Wie jedes Jahr waren die Schüler*innen der Werkrealschule Klasse 9 gebeten worden, einen Aufsatz zum Thema »Heimat« zu verfassen. Ihre Lehrerinnen Ayșe Eryilmaz und Katharina Faißt haben der achtköpfigen Jury mit Geschichtsfreunden eine Auswahl vorgelegt. Diese wiederum benannte die besten drei Arbeiten für einen »Bildsteinpreis«.


Die Auszeichnung erinnert an Josef Bildstein. Der gebürtige Nordracher hatte in den 1970er Jahren dem Museum der Stadt Zell seine wertvolle Uhren-Sammlung vermacht. Am Montag überreichte nun Bürgermeister Günter Pfundstein im »Hotel Sonne« den Preisträger*innen feierlich eine kostbare Armbanduhr, die sie sich im Vorfeld hatten aussuchen dürfen.
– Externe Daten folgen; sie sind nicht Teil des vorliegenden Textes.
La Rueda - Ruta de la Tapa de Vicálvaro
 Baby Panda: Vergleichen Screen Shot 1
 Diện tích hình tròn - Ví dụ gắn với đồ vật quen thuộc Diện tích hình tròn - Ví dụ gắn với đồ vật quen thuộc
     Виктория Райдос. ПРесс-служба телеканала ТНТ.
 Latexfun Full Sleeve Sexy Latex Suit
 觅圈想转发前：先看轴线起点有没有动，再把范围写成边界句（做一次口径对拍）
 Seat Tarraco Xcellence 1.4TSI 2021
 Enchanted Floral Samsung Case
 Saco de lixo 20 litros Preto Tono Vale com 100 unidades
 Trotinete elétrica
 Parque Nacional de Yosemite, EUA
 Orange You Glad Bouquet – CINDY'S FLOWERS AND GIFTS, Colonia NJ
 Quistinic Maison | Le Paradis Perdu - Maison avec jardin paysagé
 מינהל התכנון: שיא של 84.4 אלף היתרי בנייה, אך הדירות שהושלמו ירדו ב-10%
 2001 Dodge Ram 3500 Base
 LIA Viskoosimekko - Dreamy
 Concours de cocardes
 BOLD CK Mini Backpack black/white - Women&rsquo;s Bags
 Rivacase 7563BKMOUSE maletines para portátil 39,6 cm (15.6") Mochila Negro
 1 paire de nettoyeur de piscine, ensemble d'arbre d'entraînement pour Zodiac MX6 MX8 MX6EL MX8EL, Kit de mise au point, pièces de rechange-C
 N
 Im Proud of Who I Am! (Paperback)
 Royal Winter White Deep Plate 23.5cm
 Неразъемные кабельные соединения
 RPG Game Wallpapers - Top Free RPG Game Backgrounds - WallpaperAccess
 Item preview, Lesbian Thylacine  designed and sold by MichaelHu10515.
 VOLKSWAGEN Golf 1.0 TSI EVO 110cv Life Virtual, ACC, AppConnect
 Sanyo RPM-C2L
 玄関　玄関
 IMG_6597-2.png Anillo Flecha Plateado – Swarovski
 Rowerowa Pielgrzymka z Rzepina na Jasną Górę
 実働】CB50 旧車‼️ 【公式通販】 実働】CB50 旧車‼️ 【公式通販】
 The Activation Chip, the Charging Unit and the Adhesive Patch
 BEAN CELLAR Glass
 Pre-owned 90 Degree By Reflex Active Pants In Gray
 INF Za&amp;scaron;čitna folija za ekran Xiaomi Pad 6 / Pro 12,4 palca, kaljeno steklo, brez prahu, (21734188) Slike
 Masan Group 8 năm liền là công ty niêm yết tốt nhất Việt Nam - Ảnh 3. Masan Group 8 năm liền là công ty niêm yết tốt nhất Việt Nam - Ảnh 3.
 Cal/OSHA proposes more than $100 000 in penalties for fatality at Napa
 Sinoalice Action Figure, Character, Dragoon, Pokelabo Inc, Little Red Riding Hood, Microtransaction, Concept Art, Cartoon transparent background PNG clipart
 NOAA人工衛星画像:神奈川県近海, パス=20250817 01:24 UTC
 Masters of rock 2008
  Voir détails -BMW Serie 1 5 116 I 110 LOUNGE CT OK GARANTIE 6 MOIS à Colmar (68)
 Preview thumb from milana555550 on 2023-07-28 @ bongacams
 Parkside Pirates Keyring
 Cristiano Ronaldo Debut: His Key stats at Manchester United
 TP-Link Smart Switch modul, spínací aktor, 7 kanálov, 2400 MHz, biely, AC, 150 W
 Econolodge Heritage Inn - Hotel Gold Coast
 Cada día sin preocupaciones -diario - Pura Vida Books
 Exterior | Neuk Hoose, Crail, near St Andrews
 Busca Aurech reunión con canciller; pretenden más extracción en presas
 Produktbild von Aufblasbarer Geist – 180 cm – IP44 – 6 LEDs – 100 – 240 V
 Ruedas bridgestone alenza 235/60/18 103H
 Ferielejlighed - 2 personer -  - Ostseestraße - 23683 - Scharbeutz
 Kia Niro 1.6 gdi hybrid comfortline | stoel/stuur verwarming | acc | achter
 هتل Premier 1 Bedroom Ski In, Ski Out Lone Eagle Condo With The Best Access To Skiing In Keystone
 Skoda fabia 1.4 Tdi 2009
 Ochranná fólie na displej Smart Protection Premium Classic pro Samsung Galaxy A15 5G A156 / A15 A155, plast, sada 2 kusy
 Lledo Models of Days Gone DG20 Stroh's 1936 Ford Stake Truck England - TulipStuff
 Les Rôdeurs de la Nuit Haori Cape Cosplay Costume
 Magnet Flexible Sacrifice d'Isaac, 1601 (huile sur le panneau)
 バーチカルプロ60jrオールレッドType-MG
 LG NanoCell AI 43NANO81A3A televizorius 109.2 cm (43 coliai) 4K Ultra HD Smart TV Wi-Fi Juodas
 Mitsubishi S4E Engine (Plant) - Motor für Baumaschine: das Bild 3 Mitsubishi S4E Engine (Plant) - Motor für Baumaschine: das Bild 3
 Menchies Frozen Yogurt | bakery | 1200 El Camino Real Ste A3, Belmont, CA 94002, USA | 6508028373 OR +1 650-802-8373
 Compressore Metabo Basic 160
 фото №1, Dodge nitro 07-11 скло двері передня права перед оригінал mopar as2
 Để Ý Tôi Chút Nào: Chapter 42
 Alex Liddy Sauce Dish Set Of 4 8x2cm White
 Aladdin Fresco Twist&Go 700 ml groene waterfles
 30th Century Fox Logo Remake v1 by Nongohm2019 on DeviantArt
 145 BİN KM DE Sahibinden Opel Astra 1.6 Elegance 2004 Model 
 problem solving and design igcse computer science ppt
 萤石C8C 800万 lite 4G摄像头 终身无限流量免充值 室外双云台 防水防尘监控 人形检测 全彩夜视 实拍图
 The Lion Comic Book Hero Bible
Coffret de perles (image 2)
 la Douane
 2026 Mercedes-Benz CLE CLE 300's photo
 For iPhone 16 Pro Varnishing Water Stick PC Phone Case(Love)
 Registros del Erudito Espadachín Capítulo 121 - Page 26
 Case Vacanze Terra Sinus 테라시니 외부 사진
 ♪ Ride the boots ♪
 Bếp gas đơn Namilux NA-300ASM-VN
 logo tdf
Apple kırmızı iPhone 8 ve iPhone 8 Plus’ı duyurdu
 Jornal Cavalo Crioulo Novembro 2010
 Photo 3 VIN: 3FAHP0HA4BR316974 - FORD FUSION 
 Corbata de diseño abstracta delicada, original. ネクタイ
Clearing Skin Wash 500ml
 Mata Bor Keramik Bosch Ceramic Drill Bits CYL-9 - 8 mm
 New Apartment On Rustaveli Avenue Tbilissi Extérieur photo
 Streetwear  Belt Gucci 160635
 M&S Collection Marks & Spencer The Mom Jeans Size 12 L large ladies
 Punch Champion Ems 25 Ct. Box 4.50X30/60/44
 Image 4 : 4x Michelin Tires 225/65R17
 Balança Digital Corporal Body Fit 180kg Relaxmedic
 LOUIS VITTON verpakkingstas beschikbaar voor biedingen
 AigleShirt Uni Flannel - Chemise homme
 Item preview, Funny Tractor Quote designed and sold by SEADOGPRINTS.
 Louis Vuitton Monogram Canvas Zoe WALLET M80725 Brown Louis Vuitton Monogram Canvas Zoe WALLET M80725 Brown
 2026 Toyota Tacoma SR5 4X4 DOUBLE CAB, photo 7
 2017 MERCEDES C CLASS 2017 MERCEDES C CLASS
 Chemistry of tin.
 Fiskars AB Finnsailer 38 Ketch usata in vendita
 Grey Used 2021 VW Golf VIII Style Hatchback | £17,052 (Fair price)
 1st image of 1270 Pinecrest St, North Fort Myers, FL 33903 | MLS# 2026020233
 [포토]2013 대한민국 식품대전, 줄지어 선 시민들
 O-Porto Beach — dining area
Der 1. Preis ging an Carina Schwarz von Nordrach. Sie hat sich das Thema »Landwirtschaft – gestern und heute« vorgenommen. Gewürdigt wurde ihre Arbeit von Jury-Mitglied Herbert Vollmer. Als Anschauung diente der Schülerin der stattliche Rautschhof. Sie stellt heraus, dass damals außer der Familie zahlreiche Knechte und Mägde mitgearbeitet haben. Deren Arbeit wird heute von Maschinen übernommen. Die Beschreibung der früher benutzten Geräte ist sehr vielfältig, sodass sie selbst bei Älteren schon in Vergessenheit geraten sind. Treffliche Fotos dienen der Veranschaulichung.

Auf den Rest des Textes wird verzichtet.